Extracted information

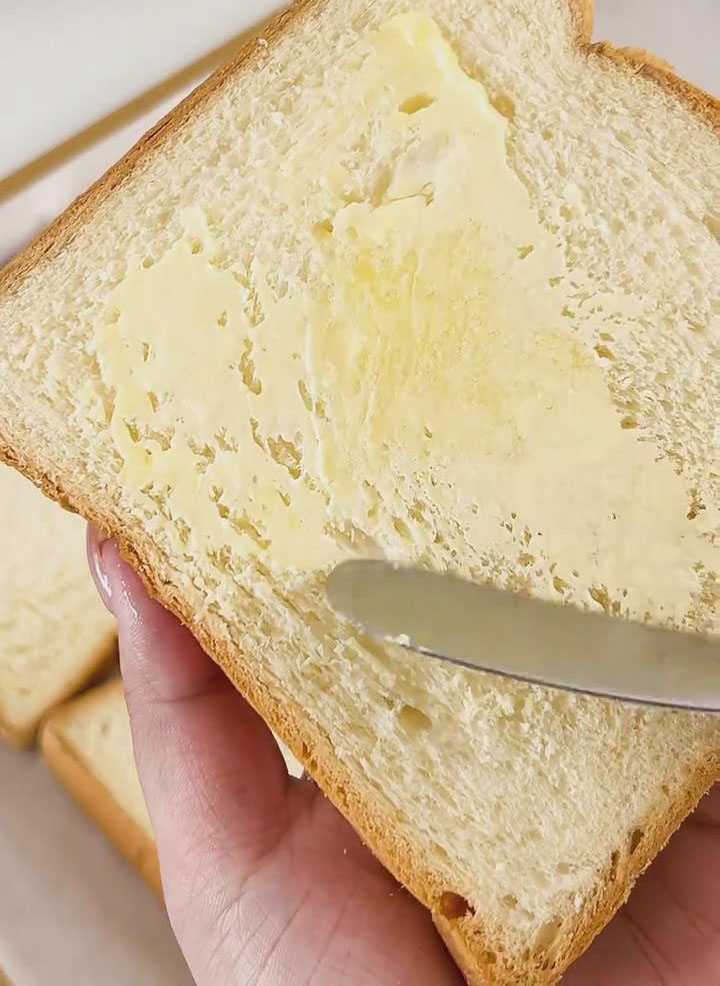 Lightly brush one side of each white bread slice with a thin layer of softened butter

...

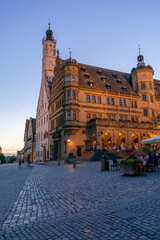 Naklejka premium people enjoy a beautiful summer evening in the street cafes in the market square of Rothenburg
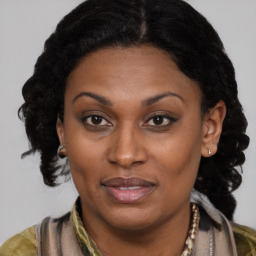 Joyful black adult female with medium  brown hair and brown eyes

---

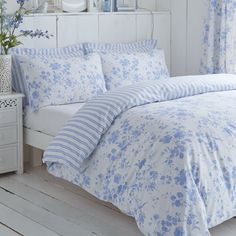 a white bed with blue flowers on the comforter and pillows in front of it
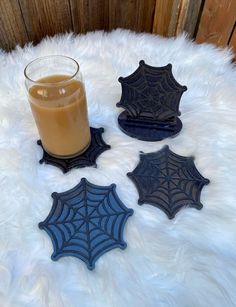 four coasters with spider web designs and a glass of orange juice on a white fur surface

To do
Above are some entries; copy exactly the lines from the line with "Naklejka premium people" through the line with "Joyful black adult", both included, but none of the pictures.

Your solution
 Naklejka premium people enjoy a beautiful summer evening in the street cafes in the market square of Rothenburg
 Joyful black adult female with medium  brown hair and brown eyes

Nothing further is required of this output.